FY21 cements earnings recovery
Wagners (ASX:WGN) posted FY21 revenue growth of 28% and EBIT of A$25.4m (+195% yoy). The strong earnings recovery reflected the combination of normalised cement volumes, increased concrete sales (+ reduced start-up costs) and strong contributions from its major projects with the Carmichael Mine and Cross River Rail.
WGN increased its investment in EFC (A$2.0m EBIT loss) and COVID delays impacted 3Q21 pedestrian infrastructure sales, resulting in a weaker than expected CFT result (revenue -6.8%).
While assisted by A$10m in timing benefits, operating cashflow (A$53.1m) was a key highlight and enabled net debt to finish the year at a better than expected A$48.8m (down from A$83.1m the pcp).

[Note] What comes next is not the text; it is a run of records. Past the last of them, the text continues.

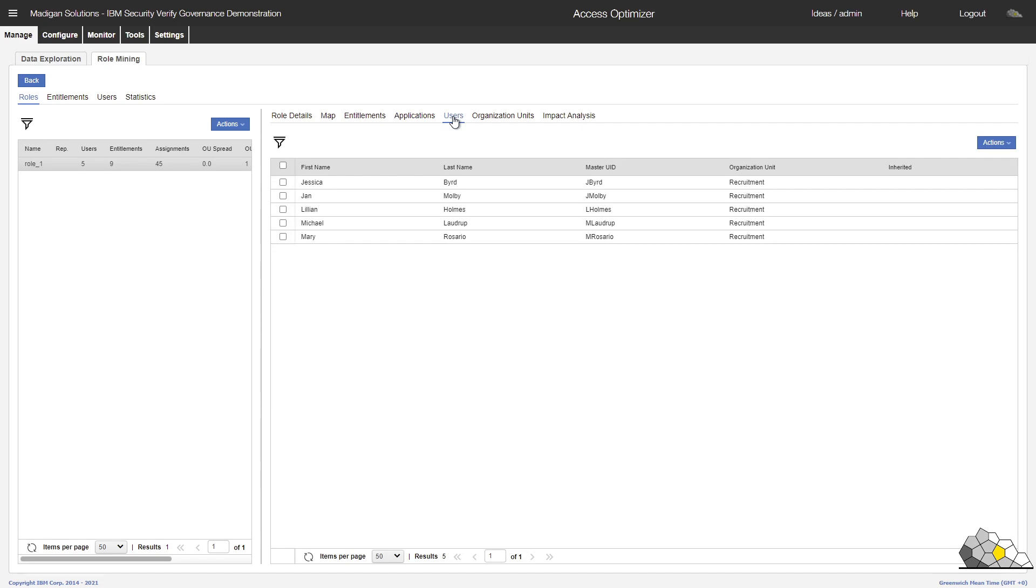And you'll see there, Jessica, Yan and Michael, who we saw earlier in the presentation.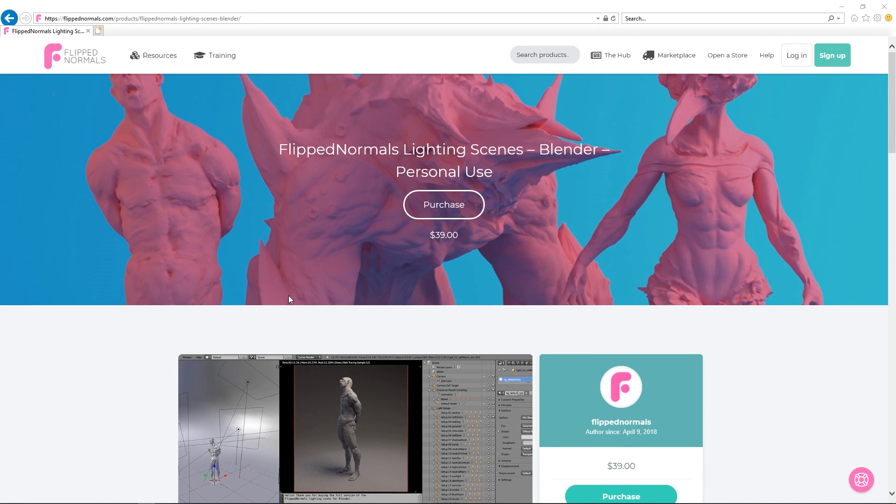Hey guys, Henning and Morten from FlipNormals here. In this video we are going to be talking about the FlipNormals lighting scenes for Blender.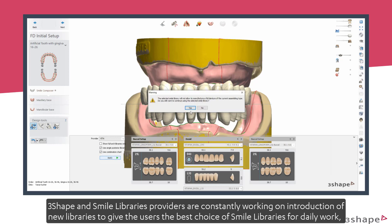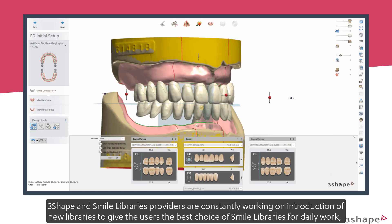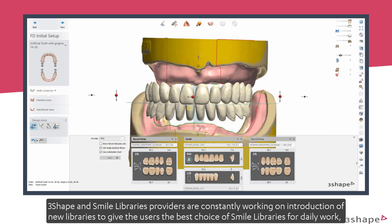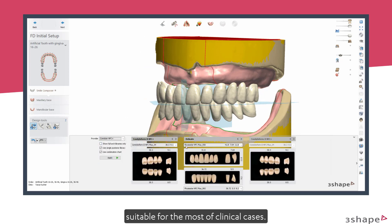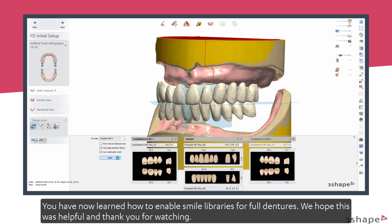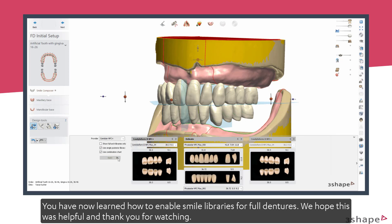3Shape and Smile Library providers are constantly working on introducing new libraries to give users the best choice of smile libraries for daily work, suitable for most clinical cases. You have now learned how to enable smile libraries for full dentures. We hope this was helpful, and thank you for watching.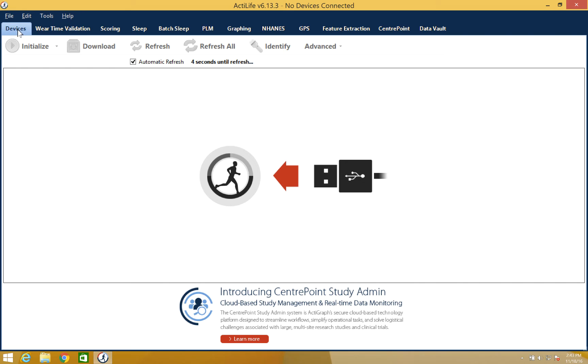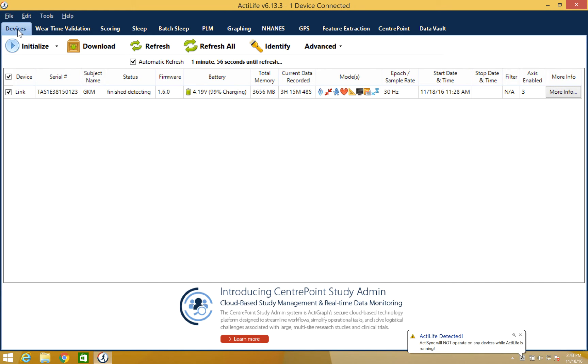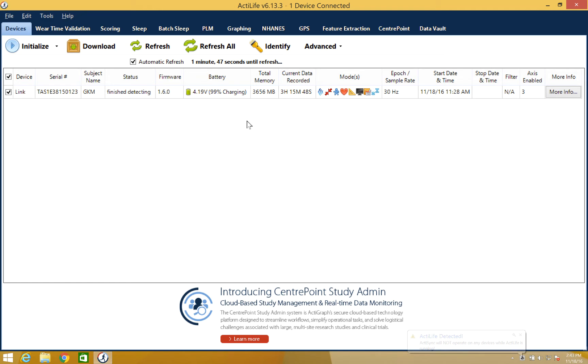Now you can plug in your ActiGraph device using a USB cable or if you're using the GT9X link device, the link docking station. Once the software recognizes the device, it will appear in the devices grid. Here you can confirm that the device contains data for this download by looking at the current data recorded column.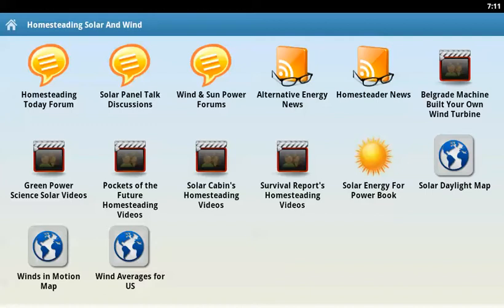Welcome to this video review from BookAndroid.com. This video review will cover homesteading, solar, and wind. It's one of our latest applications that is more than just a book.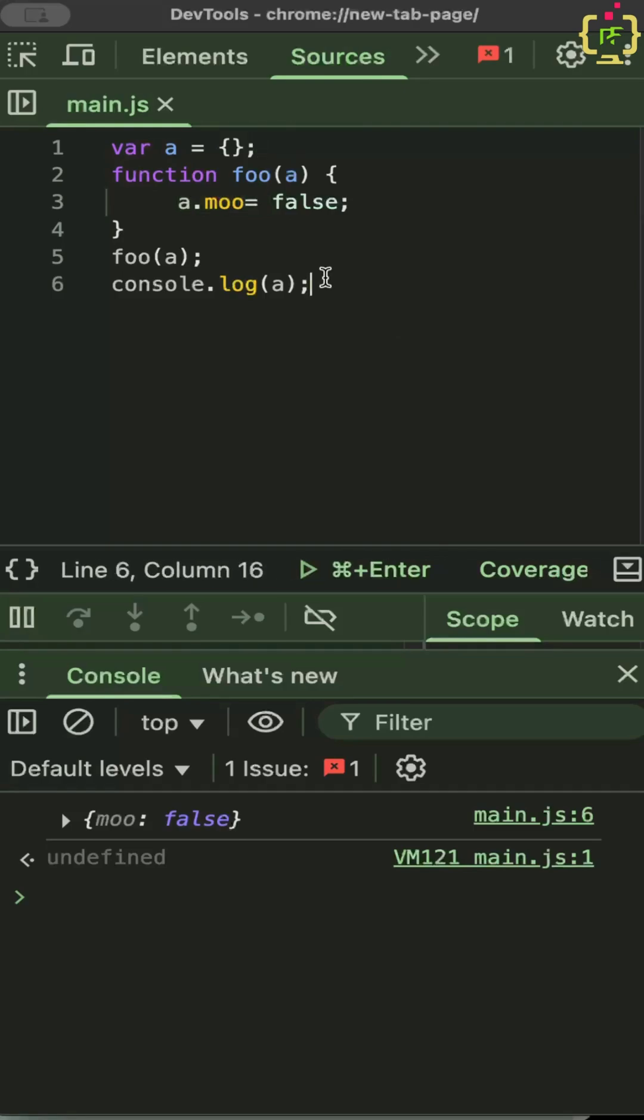So the question was, does JavaScript pass parameters by value or by reference? The answer is, it passes primitive types such as strings, numbers and booleans by value and it passes object by reference. So it's really important you get a good grasp on this concept.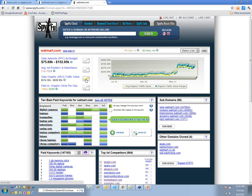So then we calculate this and figure out how much the value of your organic traffic is. Walmart's organic traffic value has gone up considerably.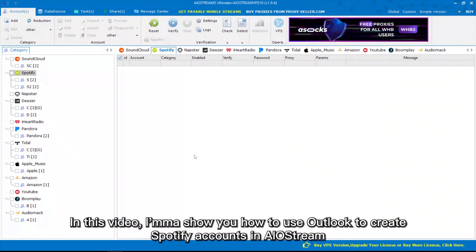Hi guys! In this video, I'm going to show you how to use Outlook to create Spotify accounts in AIoStream.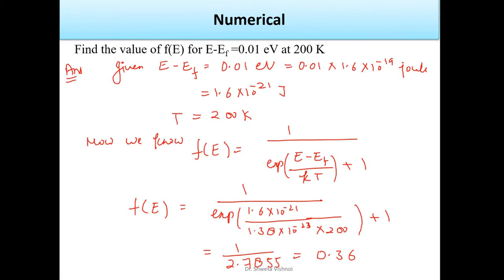The value of E minus Ef is given by 0.01 eV, which will be converted into joules by multiplying by 1.6 × 10⁻¹⁹. The temperature is already given in Kelvin. The Fermi-Dirac probability distribution function is f(E) = 1 / (exp((E − Ef)/kT) + 1). Using k = 1.38 × 10⁻²³ J/K, the answer comes out to approximately 0.36.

CMS targeting growth; increasing CFT and EFC investment to drive growth
No formal FY22 guidance was provided. WGN is targeting further growth in its CMS business underpinned by: an increased contribution from bulk haulage with further contracts tendered; increased concrete volumes (potential price upside) and higher sales of cement, flyash and aggregates; and completion of the remaining 30% of the CRR tunnel segment contract (at stronger margins), with the pipeline of additional precast work remaining positive.
Contract crushing revenue is expected to be largely stable and material mobile concrete opportunities in the renewables sector remain (more a 2H22 benefit, if secured).

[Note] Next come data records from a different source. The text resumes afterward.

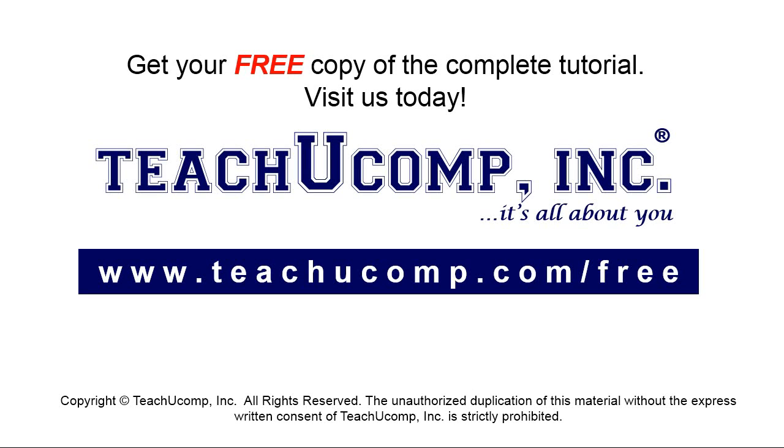Get your free copy of the complete tutorial at www.teachyoucomp.com forward slash free.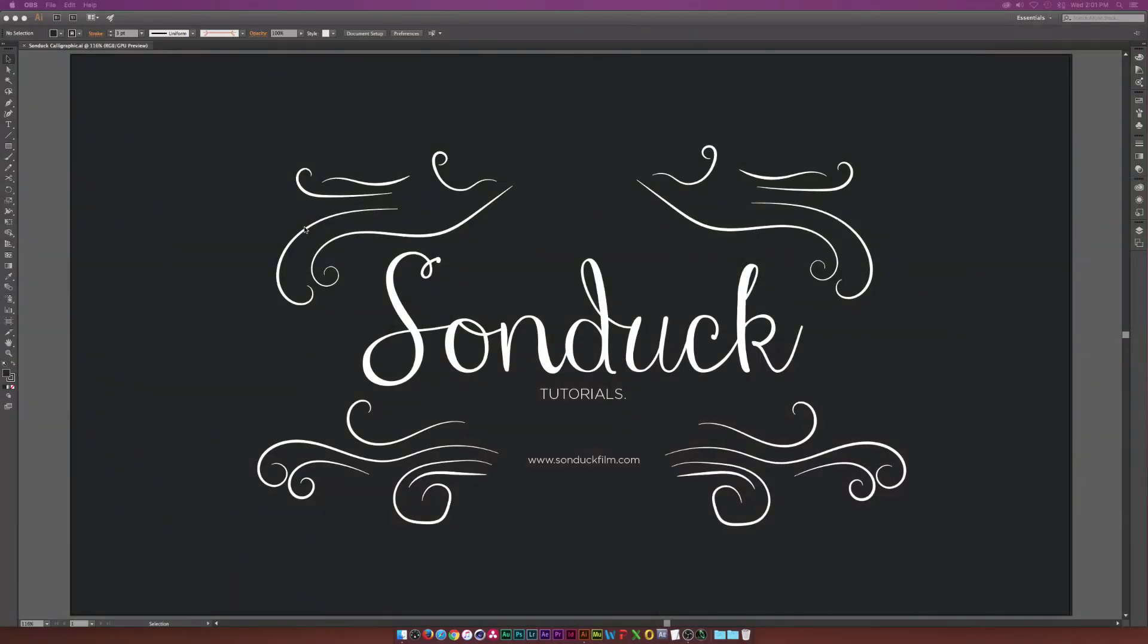Hey, what is going on internet? Josh Noel from Sunduck Film. So this is one of those two-part tutorials where we're going to design something in Illustrator like you see here and animate it in After Effects.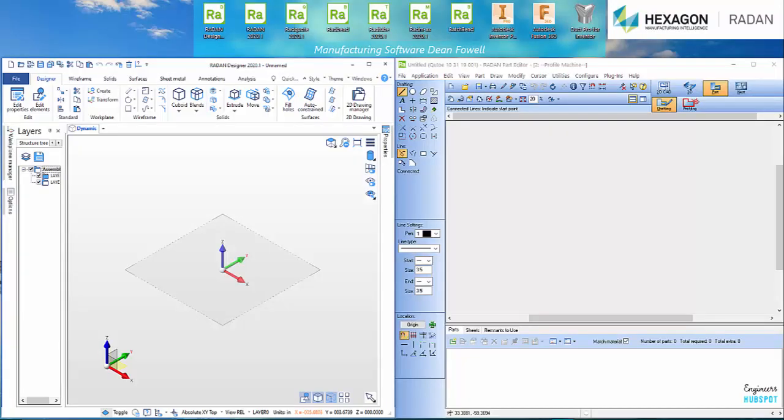Hey guys, welcome back to the channel. I've got some exciting news here. I've got some software here, the Designer Radan 2020.1. This is the new 3D CAD for CAM product for preparing and unfolding 3D sheet metal parts. Absolutely love it, absolutely thrilled to be using it.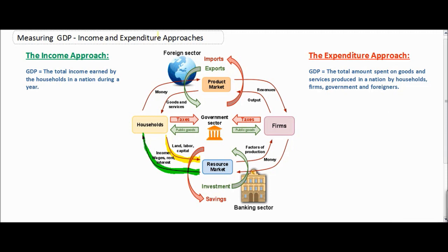Let's look in the product market now. Households spend money in the product market for which they receive goods and services. Of course, households are not the only ones consuming a nation's products. Firms also consume products in the form of capital goods, and governments consume products in the product market in the form of infrastructure goods, services such as healthcare, education, and national defense.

The EFC investment process is progressing, with the first phase completed and WGN moving to the second phase (formal IM released) in coming weeks. No specific timeline on a potential transaction has been provided.

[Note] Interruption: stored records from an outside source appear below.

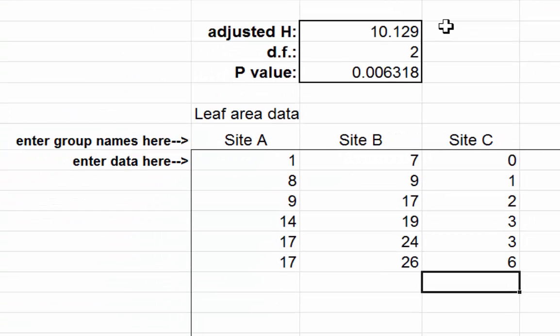In this case, we can see that the p-value is very small, 0.006, which basically means that it is not very likely that these three sites have exactly the same number of worms. In other words, that the worm populations are the same at all three sites. That's very improbable.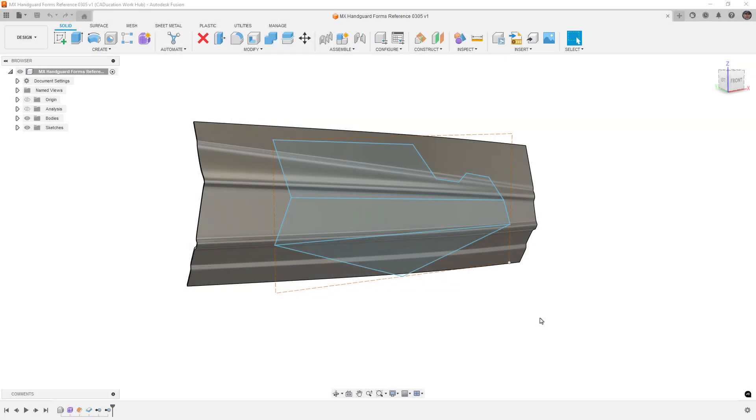Hey everyone, this is Matt with Learn Everything About Design, and in today's video, we're going to talk a bit about freeform modeling for injection molding.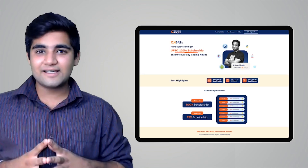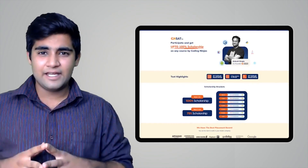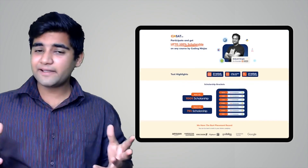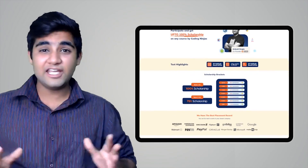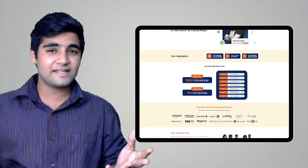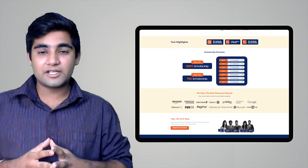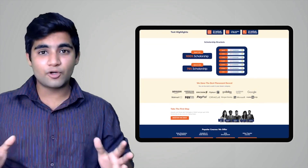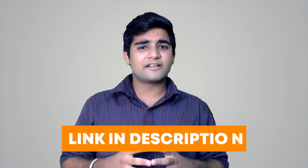Coding Ninjas has come up with a scholarship test called CNSAT. If you participate in this test, you can avail up to 100% scholarship on any course at Coding Ninjas — it can be DSA, web development, product company interview preparation, data science, and many more courses. If you want to participate, click on the link in the description below or the pinned comment. Happy learning!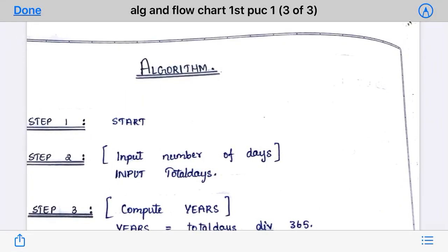Hello everyone, welcome to my channel. My name is Ashwini and today we are going to see the next algorithm and flowchart of first PUC computer science lab programs. The program is: write a program to convert days into years, months, and days.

We continue to see the ability to secure third party investment as an important catalyst to both crystalise an initial valuation for the business and help accelerate the product’s commercialisation.
Regardless of the outcome, WGN will materially step-up its level of investment in EFC in FY22 (EBIT loss to increase to ~A$4m from A$2m) to support its long-term growth ambitions.
Construction of the Texas CFT manufacturing is underway and targeting completion in Oct/Nov-21. Positively, WGN has secured initial US orders (cA$3m) which it will complete over the coming 12 months. We expect an increased investment in opex will be needed to support the ramp up of the US facility, which will likely limit the extent of CFT EBIT growth in FY22.
However, increased ANZ pedestrian infrastructure and road bridge sales are expected and the crossarm business should benefit from 12 months of its automation line (margin accretion).
We have reviewed a number of our assumptions and adjusted our forecasts for AASB16 (MorgansE material NPAT hit of A$2.2m in isolation). Our FY22 EBIT forecast has fallen 7% to A$24.7m and FY23 EBIT has increased 1% to A$27.8m.
While we have increased our FY22/23 CMS forecasts, the larger than expected investments across EFC and CFT (US start-up costs) are the key drivers of our forecast for a modest reduction in FY22 EBIT (2.9% yoy).
We note our forecasts could prove conservative in the event new, material haulage/crushing contracts are secured, concrete prices strengthen more than anticipated or new concrete project works are secured.
Investment view: maintain Add rating
WGN’s core CMS business remains well placed to benefit from an ongoing cyclical recover in construction markets. While the planned investment in EFC and CFT will weigh on near-term earnings growth, these are important long-term growth drivers for the business.
Importantly, the balance sheet is in a strengthened position to support this investment. We continue to view the EFC external investment process as an important catalyst for the stock. Add maintained.